* WHAT THIS TASK INVOLVES *
Using the data below, reproduce exactly the lines from the line with "Huawei Mate 40" to the line with "PLT Ash Grey", both included; pictures must be dropped.

* DATA FOR ANALYSIS *

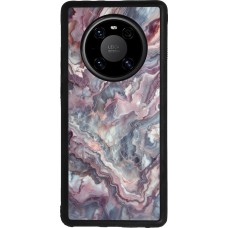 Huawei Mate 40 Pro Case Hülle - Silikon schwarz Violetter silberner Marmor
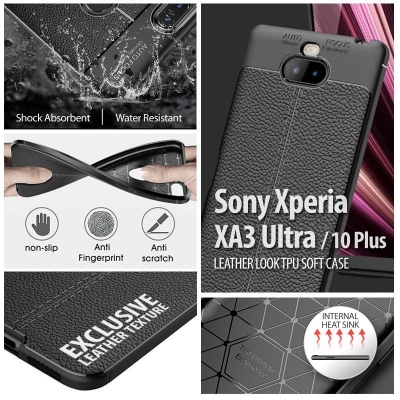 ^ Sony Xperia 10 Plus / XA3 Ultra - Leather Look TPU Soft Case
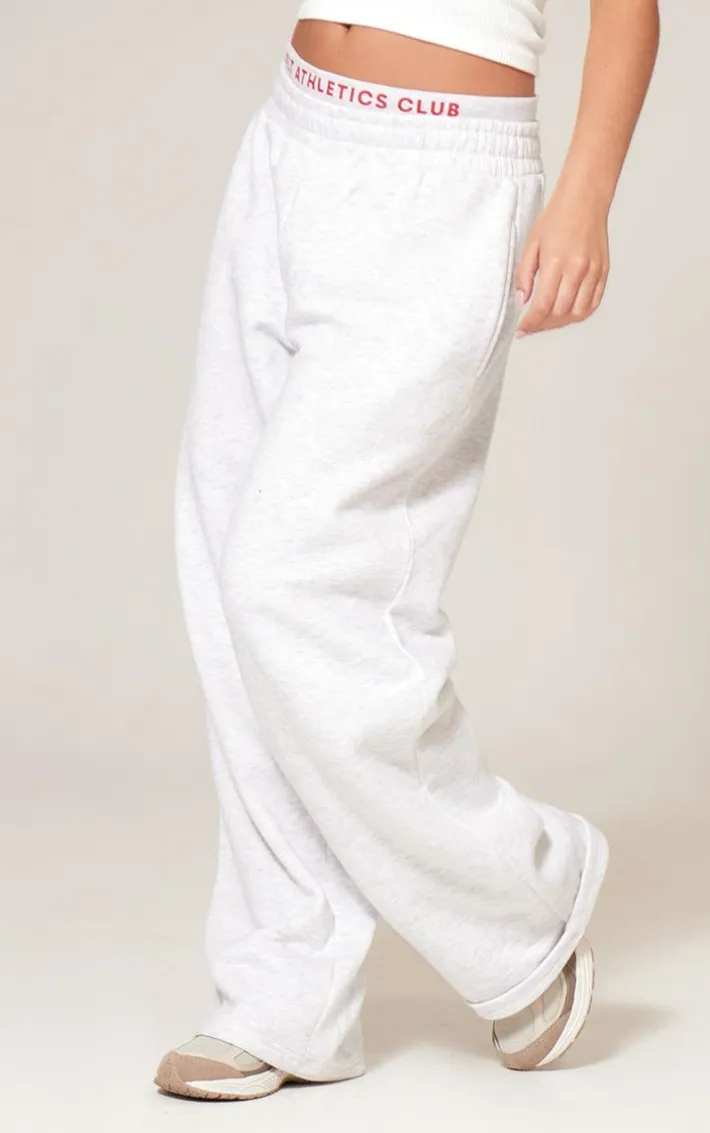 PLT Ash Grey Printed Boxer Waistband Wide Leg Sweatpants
--
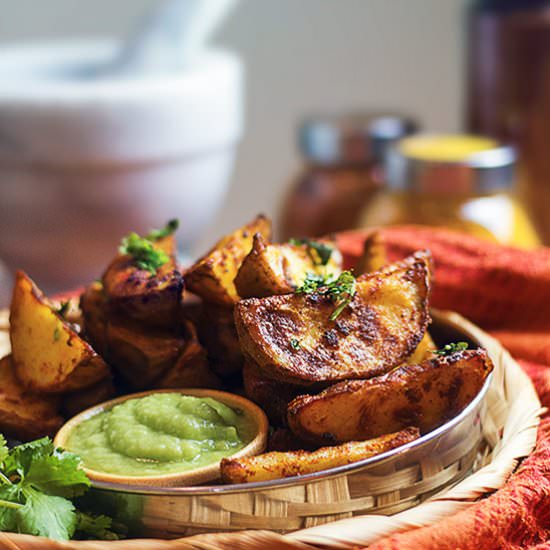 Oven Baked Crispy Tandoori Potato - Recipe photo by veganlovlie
--
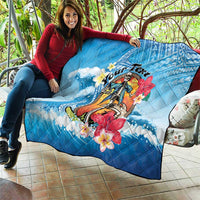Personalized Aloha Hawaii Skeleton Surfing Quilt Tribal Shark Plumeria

* RESPONSE TO THIS TASK *
 Huawei Mate 40 Pro Case Hülle - Silikon schwarz Violetter silberner Marmor
 ^ Sony Xperia 10 Plus / XA3 Ultra - Leather Look TPU Soft Case
 PLT Ash Grey Printed Boxer Waistband Wide Leg Sweatpants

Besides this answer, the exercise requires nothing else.